Ishita Ayan Dutt  |  Dhaka 

It’s 2 pm here and there is a queue of cars leading up to the gas station. Unsurprising. It’s the last hour during the day when vehicle owners will get to fill gas.

The Bangladesh government has recently banned compressed natural gas stations from selling between 3 pm and 9 pm. An exponential growth of gas stations — apparently at 500 in Dhaka now — and vehicles, due to the policy of the previous government, is now stretching the natural gas resources of the country.

Not just vehicles, in some areas, industrial use is also being rationed, Centre for Policy Dialogue Bangladesh Executive Director, Mustafizur Rahman, said.

Shops and malls must close at 8 pm, two hours before their previous schedule. The government is now carrying out load-shedding in alternate hours, augmenting the use of renewable energy and encouraging efficient use of energy.

According to a Platts report, more than 87 per cent of national electricity output is currently generated from gas, whose production is already dwindling. The capacity of coal-fired plant currently stands at 4,000 Mw, but the peak demand is more than 6,000 Mw.

But for Bangladesh’s energy problem, the $3 billion steel, power and fertiliser proposal from the Tata group, would have probably been on the ground by now.

“We couldn’t give Tatas the 25-year sovereign guarantee. It would have invited conflict, as we don’t have enough gas to support our own industries. Our companies cannot expand organically,” Rahman explained.
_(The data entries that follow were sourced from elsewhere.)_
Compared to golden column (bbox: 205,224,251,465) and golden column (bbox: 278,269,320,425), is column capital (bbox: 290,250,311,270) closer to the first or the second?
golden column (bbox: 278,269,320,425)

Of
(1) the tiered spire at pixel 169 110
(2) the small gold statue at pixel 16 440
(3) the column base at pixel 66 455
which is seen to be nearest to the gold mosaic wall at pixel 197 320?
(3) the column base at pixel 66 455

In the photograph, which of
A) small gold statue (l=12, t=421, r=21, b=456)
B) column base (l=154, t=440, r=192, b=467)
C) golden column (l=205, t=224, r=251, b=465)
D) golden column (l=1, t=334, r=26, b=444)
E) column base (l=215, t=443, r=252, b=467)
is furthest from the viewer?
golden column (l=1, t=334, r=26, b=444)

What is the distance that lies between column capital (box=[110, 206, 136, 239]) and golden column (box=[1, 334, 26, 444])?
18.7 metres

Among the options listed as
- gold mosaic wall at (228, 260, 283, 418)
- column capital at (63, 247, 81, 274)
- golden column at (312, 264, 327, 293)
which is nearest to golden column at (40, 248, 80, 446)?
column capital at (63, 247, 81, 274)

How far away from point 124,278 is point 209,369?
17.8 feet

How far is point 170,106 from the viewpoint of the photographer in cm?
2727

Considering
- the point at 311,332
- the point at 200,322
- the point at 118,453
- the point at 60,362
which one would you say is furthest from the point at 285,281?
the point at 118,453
Prime Minister Sheikh Hasina has laid out a roadmap to mitigate the shortage. By 2015, more than 9,400 Mw would be added. Over the past one and a half years, around 1,000 Mw has been added.

“We have already signed a number of deals, linking our grids together. We would like to have access to hydro electric power,” Bangladesh Enterprise Institute President Farooq Sobhan said.
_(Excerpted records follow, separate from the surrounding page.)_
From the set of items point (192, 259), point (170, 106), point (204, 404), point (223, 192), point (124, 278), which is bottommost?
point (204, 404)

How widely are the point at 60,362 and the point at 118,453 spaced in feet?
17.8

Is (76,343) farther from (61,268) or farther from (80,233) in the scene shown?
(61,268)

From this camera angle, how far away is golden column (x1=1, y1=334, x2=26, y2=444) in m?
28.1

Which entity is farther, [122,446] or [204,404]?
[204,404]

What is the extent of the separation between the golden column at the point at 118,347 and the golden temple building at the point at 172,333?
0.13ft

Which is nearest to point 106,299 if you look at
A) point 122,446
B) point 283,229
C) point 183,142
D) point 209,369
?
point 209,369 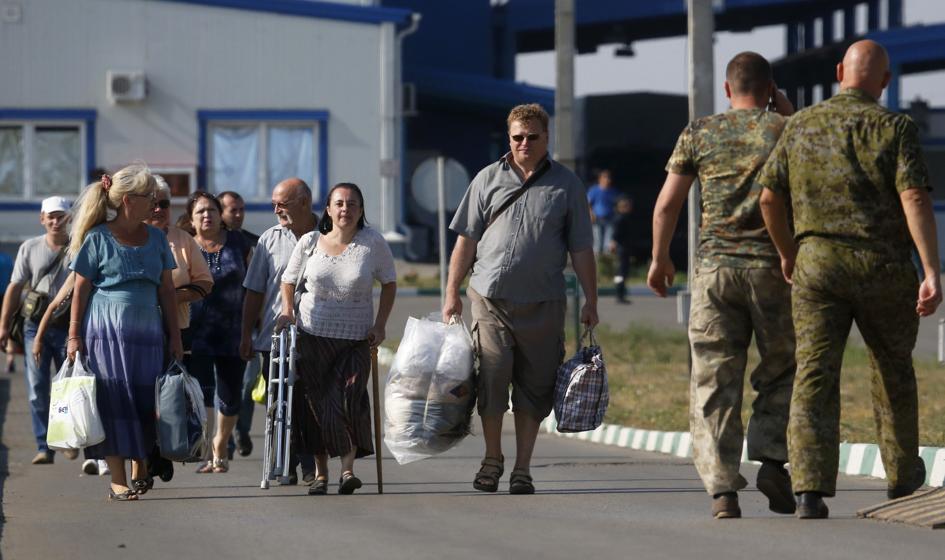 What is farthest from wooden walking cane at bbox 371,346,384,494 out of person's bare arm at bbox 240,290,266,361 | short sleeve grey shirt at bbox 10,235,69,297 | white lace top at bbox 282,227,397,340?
short sleeve grey shirt at bbox 10,235,69,297

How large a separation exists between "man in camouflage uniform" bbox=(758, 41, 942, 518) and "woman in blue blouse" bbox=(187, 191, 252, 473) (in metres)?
4.83

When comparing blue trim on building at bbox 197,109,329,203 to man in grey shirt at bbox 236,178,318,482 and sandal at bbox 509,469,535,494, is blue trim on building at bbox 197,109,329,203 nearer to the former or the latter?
man in grey shirt at bbox 236,178,318,482

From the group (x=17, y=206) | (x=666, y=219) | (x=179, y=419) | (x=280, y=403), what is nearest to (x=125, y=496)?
(x=179, y=419)

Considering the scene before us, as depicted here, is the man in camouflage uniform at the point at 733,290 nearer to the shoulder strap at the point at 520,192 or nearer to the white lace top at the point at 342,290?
the shoulder strap at the point at 520,192

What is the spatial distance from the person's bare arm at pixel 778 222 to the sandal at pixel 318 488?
3115 mm

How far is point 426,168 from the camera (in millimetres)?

The way out: Some of the companies are going for captive power plants. “It’s feasible for industries that are not power intensive. If they get power from grid it will cost 2 taka (per unit), while captive will be around 14 taka,” Rahman said.

But there are long-term plans, where India will play its role. The current commitment on India’s part is to provide 250 Mw, of which 100 Mw is likely to come from Tripura. “Mizoram and Meghalaya can be tapped for small hydro power projects,” said Abdul Matlub Ahmad, chairman of the Nitol-Niloy group, and president of the Indian-Bangladesh Chamber of Commerce & Industry.

The bigger project is, of course, NTPC’s two plants of 1,320 Mw each.

We have a problem, which is being addressed, Sobhan said. “We know, we have the reserves. All evidence indicates to it. We have high quality coal as well that can meet our requirements over the next 50 years,” he added.

The energy issue, however, is not deterring Bangladesh from showcasing the nation as an investment destination.

“A new image is being presented,” Sobhan said. It was in London and the next could be New York.

The makeover: A nation growing at six per cent, seeking to be investor-friendly, vis-à-vis a country subjected to floods and cyclones.